Pedir pra IA revisar a própria resposta: as perguntas que fazem ela achar o erro sozinha
Danilo Gato
Autor
Resposta rápida
A forma mais direta de fazer a IA revisar a própria resposta é não pedir “está certo?” (ela quase sempre vai dizer que sim), e sim pedir um ataque específico: “aponta 3 coisas que podem estar erradas, incompletas ou mal fundamentadas nessa resposta, e me explica por quê”. Trocar a pergunta de aprovação por uma pergunta de investigação muda o resultado, porque força o modelo a procurar problema em vez de só confirmar o que já escreveu. Pesquisadores chamam essa técnica de self-refine: o próprio modelo gera a resposta, critica a resposta e reescreve com base na própria crítica, sem precisar de dado novo nem de outro modelo no meio do caminho.

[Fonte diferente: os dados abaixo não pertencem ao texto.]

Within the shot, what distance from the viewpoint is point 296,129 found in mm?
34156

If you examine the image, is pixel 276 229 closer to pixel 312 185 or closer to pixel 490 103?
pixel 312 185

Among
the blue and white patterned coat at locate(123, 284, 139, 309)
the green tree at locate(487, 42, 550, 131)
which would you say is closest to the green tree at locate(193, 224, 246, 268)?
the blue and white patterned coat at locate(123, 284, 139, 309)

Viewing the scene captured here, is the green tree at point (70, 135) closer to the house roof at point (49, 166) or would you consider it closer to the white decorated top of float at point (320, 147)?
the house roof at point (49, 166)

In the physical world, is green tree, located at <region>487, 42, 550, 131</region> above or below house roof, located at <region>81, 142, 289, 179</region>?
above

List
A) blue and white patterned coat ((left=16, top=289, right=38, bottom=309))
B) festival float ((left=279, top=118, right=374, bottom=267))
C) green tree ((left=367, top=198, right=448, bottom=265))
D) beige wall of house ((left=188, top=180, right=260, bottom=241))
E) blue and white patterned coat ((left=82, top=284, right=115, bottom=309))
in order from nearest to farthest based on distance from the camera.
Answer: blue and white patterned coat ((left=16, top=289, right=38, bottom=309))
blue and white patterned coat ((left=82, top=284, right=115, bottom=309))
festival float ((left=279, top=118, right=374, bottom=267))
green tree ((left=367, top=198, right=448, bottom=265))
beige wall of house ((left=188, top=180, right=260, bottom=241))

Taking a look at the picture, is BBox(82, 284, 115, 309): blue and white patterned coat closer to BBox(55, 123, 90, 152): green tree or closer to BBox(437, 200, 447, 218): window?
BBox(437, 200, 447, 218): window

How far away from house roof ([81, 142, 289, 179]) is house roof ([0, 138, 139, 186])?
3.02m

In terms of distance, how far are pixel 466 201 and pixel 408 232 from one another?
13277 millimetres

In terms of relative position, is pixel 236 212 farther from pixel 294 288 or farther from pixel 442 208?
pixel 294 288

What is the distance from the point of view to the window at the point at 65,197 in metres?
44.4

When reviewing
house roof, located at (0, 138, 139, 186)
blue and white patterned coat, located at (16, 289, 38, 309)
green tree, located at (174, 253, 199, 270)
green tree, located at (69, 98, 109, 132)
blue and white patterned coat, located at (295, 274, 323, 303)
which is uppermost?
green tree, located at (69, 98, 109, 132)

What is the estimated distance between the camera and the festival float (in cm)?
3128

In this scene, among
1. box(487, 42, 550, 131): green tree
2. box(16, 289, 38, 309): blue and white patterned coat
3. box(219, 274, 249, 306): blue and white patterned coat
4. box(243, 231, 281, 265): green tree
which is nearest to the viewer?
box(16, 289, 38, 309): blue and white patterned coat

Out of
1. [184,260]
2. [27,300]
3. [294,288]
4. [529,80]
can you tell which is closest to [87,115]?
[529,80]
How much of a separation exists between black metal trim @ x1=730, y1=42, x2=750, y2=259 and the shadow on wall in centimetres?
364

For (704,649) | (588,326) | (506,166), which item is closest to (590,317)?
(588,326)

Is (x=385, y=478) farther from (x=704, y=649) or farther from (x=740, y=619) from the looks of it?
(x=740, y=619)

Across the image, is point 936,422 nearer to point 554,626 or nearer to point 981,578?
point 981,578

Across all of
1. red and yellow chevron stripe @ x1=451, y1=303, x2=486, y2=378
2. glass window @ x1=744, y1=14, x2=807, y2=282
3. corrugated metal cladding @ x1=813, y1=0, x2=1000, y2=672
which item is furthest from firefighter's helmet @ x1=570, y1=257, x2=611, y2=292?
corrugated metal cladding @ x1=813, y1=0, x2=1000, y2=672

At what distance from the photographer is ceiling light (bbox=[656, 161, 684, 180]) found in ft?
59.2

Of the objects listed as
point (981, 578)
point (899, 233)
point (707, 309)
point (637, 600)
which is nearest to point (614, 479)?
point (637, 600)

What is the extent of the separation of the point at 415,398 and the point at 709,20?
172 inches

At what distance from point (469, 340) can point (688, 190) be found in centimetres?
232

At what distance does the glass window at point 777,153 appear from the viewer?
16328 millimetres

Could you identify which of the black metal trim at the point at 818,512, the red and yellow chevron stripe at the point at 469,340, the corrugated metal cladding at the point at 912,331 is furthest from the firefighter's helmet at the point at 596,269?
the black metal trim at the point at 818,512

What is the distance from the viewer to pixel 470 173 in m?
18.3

Por que só pedir “revisa aí” quase nunca funciona
Quando você manda “revisa essa resposta” ou “tem certeza disso?”, o modelo tende a reafirmar o que já disse, às vezes até com mais confiança do que antes. Isso acontece porque o pedido não muda a tarefa: ele continua sendo “concorde ou não com o que eu disse”, e a saída mais provável, estatisticamente, é a confirmação.
O ganho aparece quando a pergunta muda o papel do modelo, de autor pra crítico. Um estudo de referência sobre o assunto, o Self-Refine (Madaan et al., publicado no NeurIPS 2023), testou esse método de gerar, criticar e refinar em sete tarefas diferentes, com GPT-3.5, ChatGPT e GPT-4, e mediu uma melhora média de cerca de 20 pontos percentuais absolutos na qualidade das respostas, na comparação com a versão de uma etapa só, sem revisão. A diferença inteira estava em como a pergunta de crítica foi formulada, não em dar mais dado pro modelo.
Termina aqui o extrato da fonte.